Toussaint and Dessalines, after having reflected for a short time on their respective situations, and standing almost alone against the prevailing wish of the people, consented to the terms which had been granted to Christophe as a matter both of experiment and expediency, and thus for the present ended the contest, which for the extent of it may have been justly described as the most cruel and sanguinary in the annals of warfare. By this peace the island of St. Domingo is admitted to be under the sovereignty of France.

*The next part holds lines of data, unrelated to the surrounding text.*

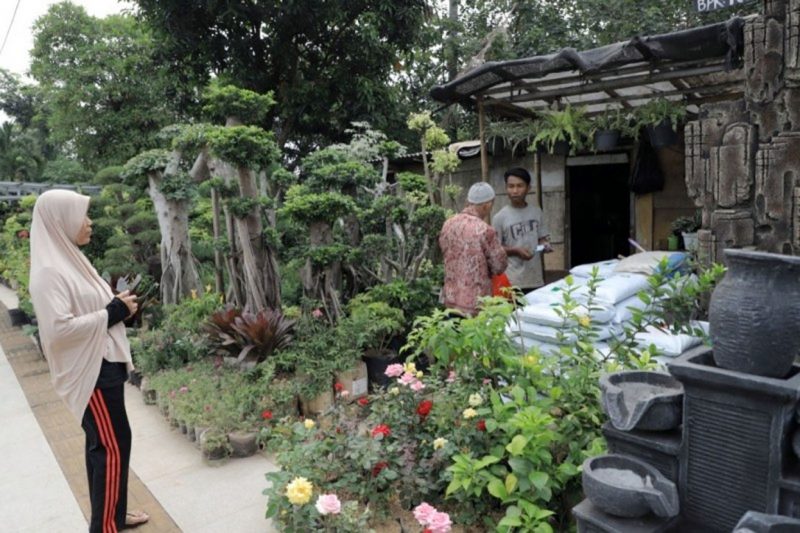 Penjual Tanaman Hias Tetap Meraih Keuntungan, Optimis Bisa Bertahan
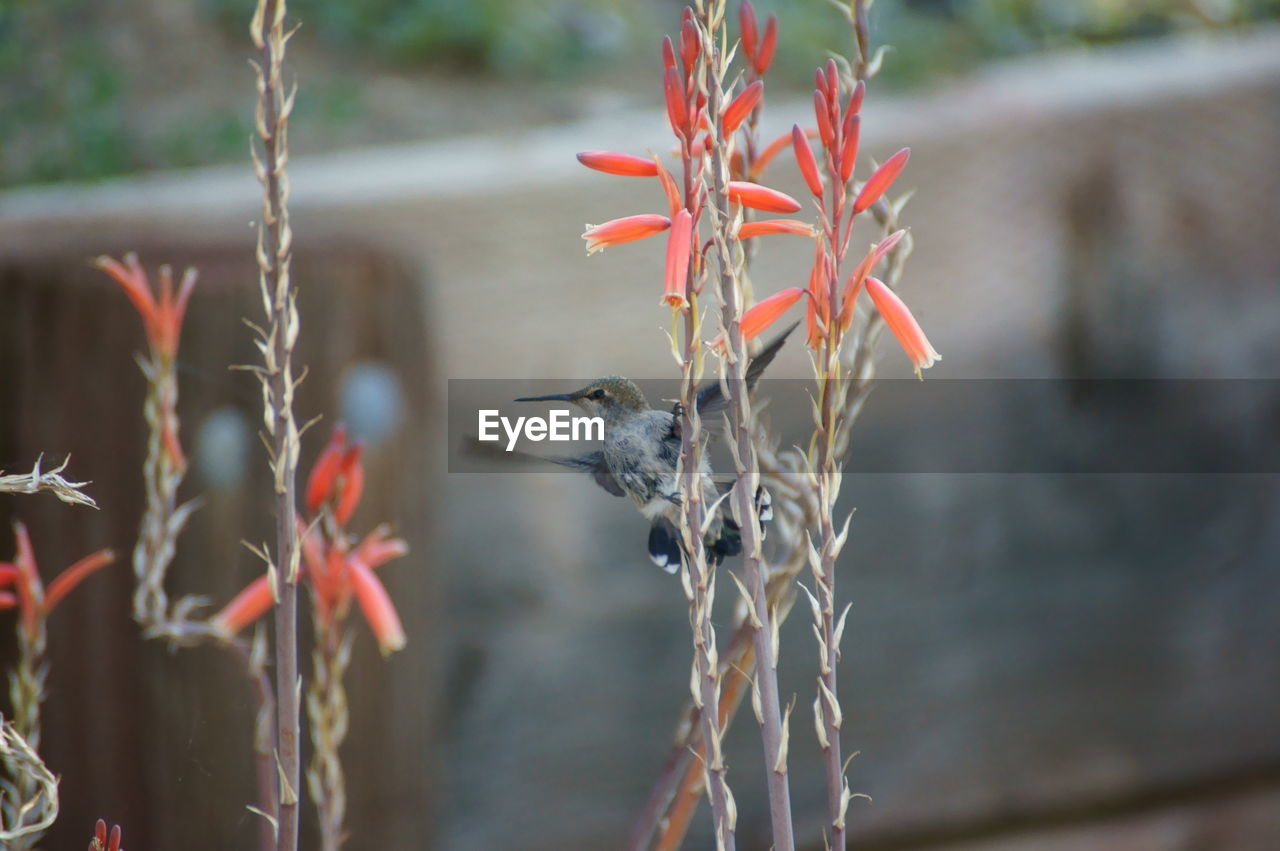 Bird on flower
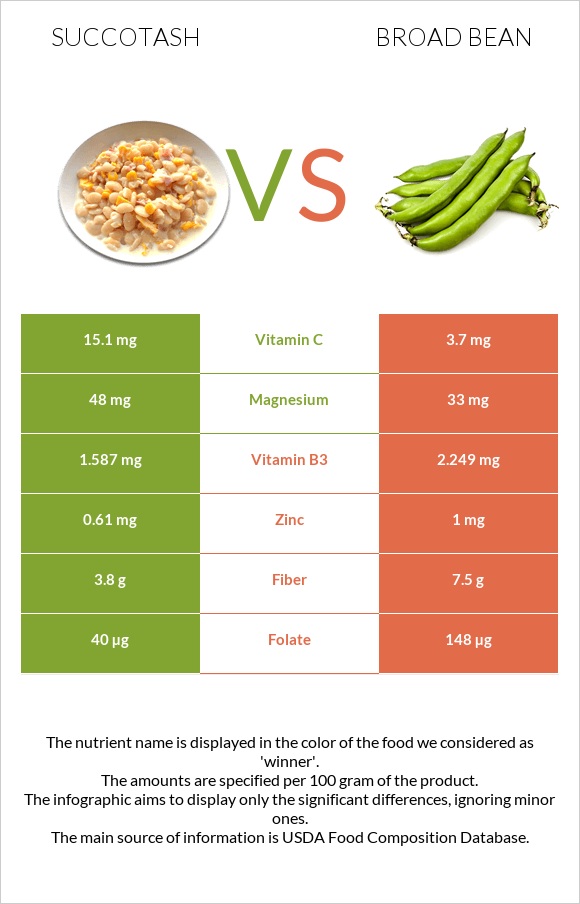 Succotash vs Broad bean infographic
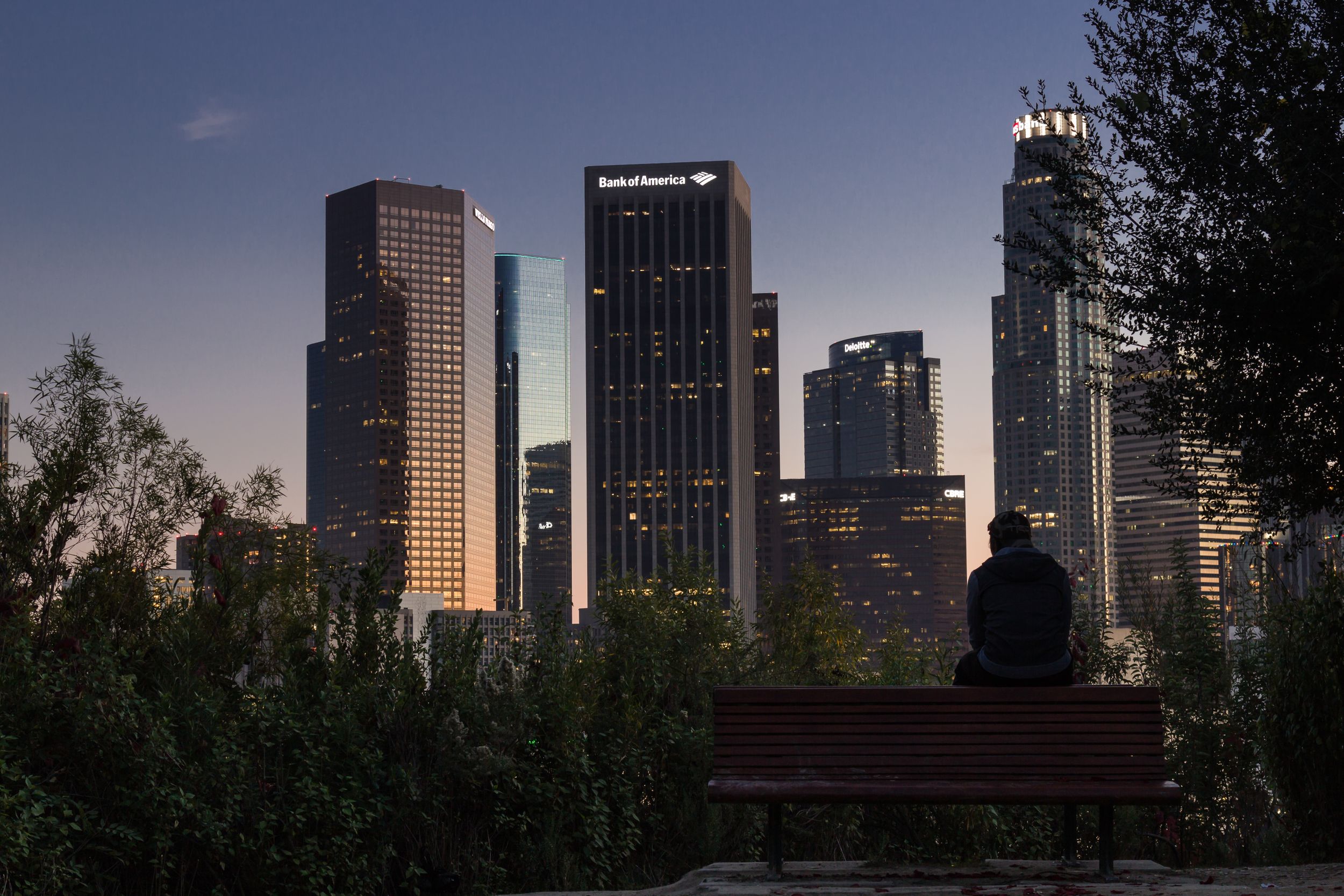 Man sitting on park bench looking towards downtown Los Angeles during sunset.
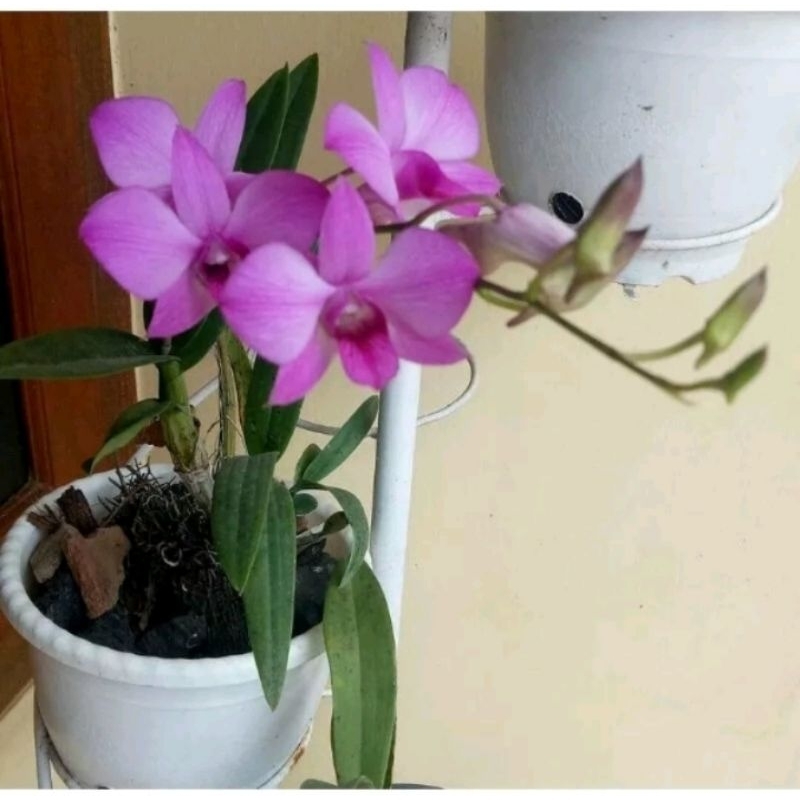 Tanaman hias anggrek doritis dewasa siap berbunga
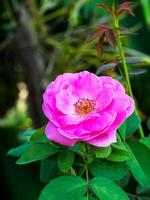 rosa av damast- reste sig blomma. foto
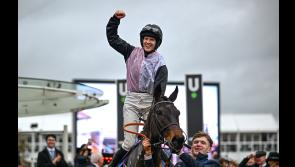 Tipperary eyes are smiling after the first winner at Cheltenham Festival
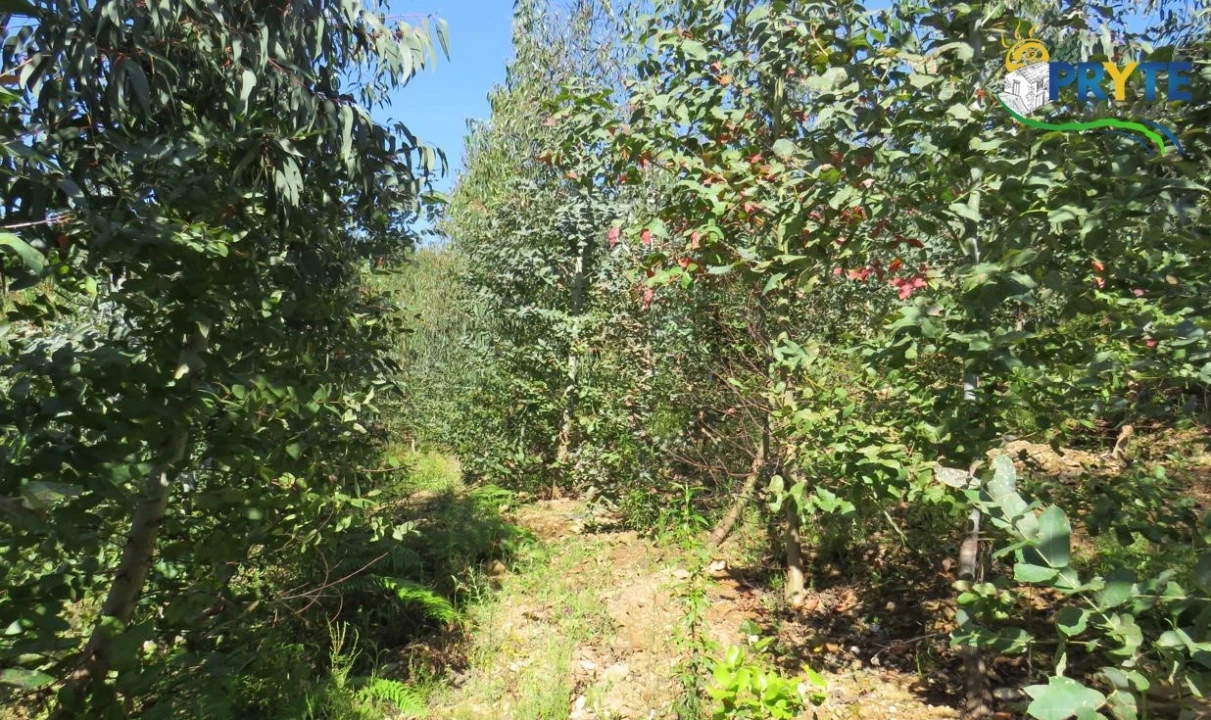 Terreno para Venda em Sertã Foto 38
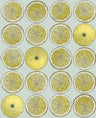 Arance Citrus Wallpaper - Citrus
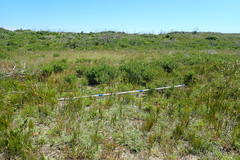 Cymbopogon marginatus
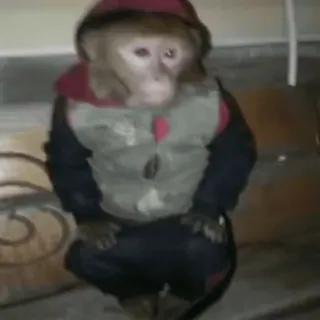 😕 monkey, animal, primate, dressed monkey, animal meme whatsapp sticker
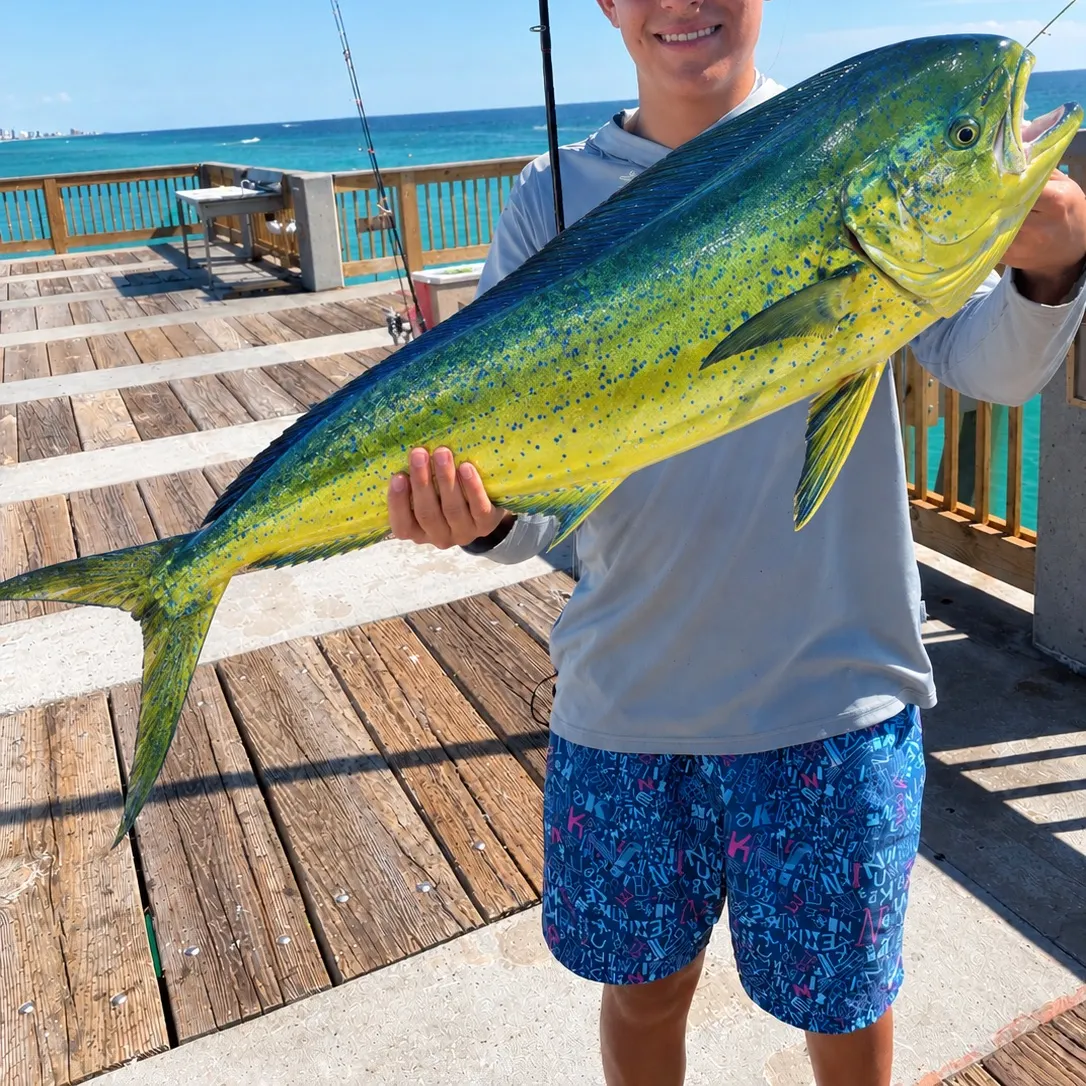 The most recent Common dolphinfish catches on Fishbrain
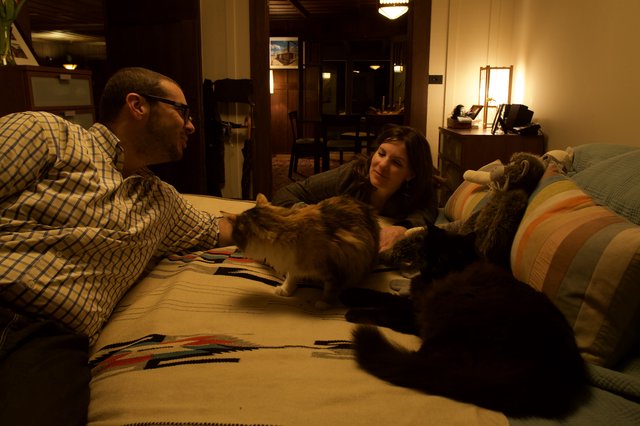Cozy Evening with Cats on the Sofa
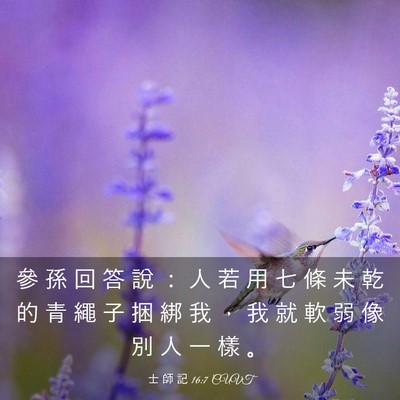 Picture 03 - 士 師 記 16:7 CUVT - 參 孫 回 答 說 ： 人 若 用 七 條 未 - Bible Verse Picture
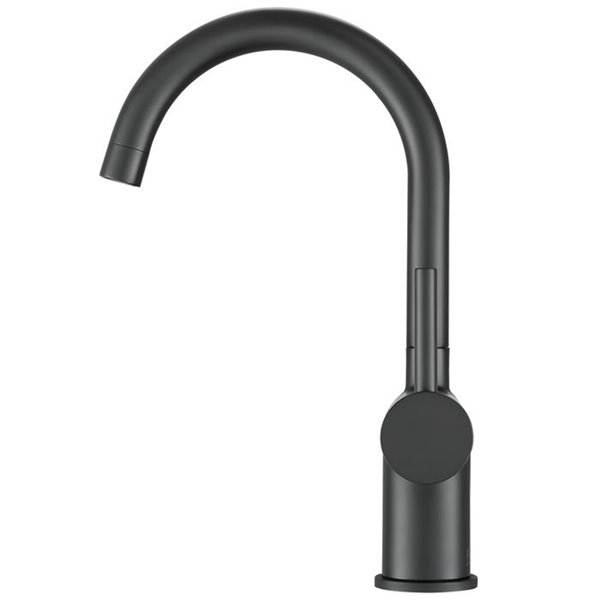 Ancona Aria Single Hole Bathroom Sink Faucet - 1-Handle - Matte Black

The peace being concluded, the cultivators and proprietors returned to their homes, and recommenced their labours in the soil, in the pleasing hope of being permitted to remain in the bosom of their families, enjoying all those comforts of which the horrors of war had so long denied them. The three negro chiefs, Toussaint, Dessalines, and Christophe retired to their respective plantations, after having been assured by Le Clerc, with every mark of sincerity, that their persons and property should be held sacred, and that instructions should be transmitted to them, upon which they were to act in their future military commands. In their retreat, however, it appears that Dessalines and Christophe were far from feeling confident of their own safety; they consequently did not slumber in their retirement; and being greatly apprehensive of the consequences of the experiment into which they had been led, they waited, with no little anxiety, the result of it.
Credulous, and relying on the captain-general’s honour, from the confidence which he had inspired, Toussaint thought of little but the enjoyment of repose in the bosom of his family. At his estate in the vicinity of Gonaives, he took up his abode, surrounded by his faithful wife and endearing children (with the exception of his two sons who had been detained as hostages, and of whose fate no intelligence was ever received), there to indulge in the sweets of domestic life, after the toils and the cares of a protracted civil war, in which he had borne the most conspicuous part, and shared in all its extraordinary vicissitudes and all its heart-rending scenes of death and destruction. But his retirement was invaded—the snare was laid for him by the perfidious Le Clerc, and in the moment of sleep, unconscious and unsuspecting, he was surrounded by some troops sent for the purpose, torn from his bed in the dead of night, torn from his faithful wife and beloved children, and hurried on board a frigate, there to remain until preparations were made for sending him to France. It was useless and unavailing to make any resistance, or to exclaim against such treachery and inhumanity: he submitted to his fate, and left it to his countrymen to avenge his wrongs. He only asked for the protection and security of his family, but they became also the objects of suspicion, and were subsequently hurried on board the same vessel with their father. They were all sent to France, and their tragical end became the subject of general horror and indignation throughout Europe. Le Clerc, to soften the barbarity and atrocity of this act, gave it out that Toussaint was plotting against the French, and was aiming, in conjunction with his other officers, to seize the first unguarded moment in which they might be caught, to break the peace, and to renew the combat with redoubled vigour and determination.
Thus terminated the career of Toussaint. His end will ever blacken the pages of French history, and leave such a stain on the character of its government that no lapse of time can efface. History cannot produce a more base and unjustifiable act of violence; and it is to be hoped, for the sake of humanity, its perpetrators will meet with that just execration which so much perfidy and treachery deserves.
CHAPTER VI.
The period from the seizure of Toussaint to the final expulsion of the French, by Dessalines, in 1803.—State of cultivation.—Commerce declined—and observations on the population.—Its extent.
The dispute between the people of the island and the French had now assumed a different character, for it could no longer be designated a contest between the revolted slaves of a colony and their government, but a civil war, originating in an attempt of oppression on the part of that government, over those inhabitants whom it had thought proper to declare to be, “free and equal before God, and before the republic.” A conflict, I say, emanating from the basest act of duplicity, and from the most unexampled breach of faith and confidence that has been heard of in modern times; a conflict which, in the sequel, proved the destruction of its authors, and the expulsion of the French from all property in St. Domingo. Our minds must be totally divested of all those impressions which the rebellion of the slaves at first created; and we must view the future operations of the contending parties abstractedly, and not as having any connexion with past events.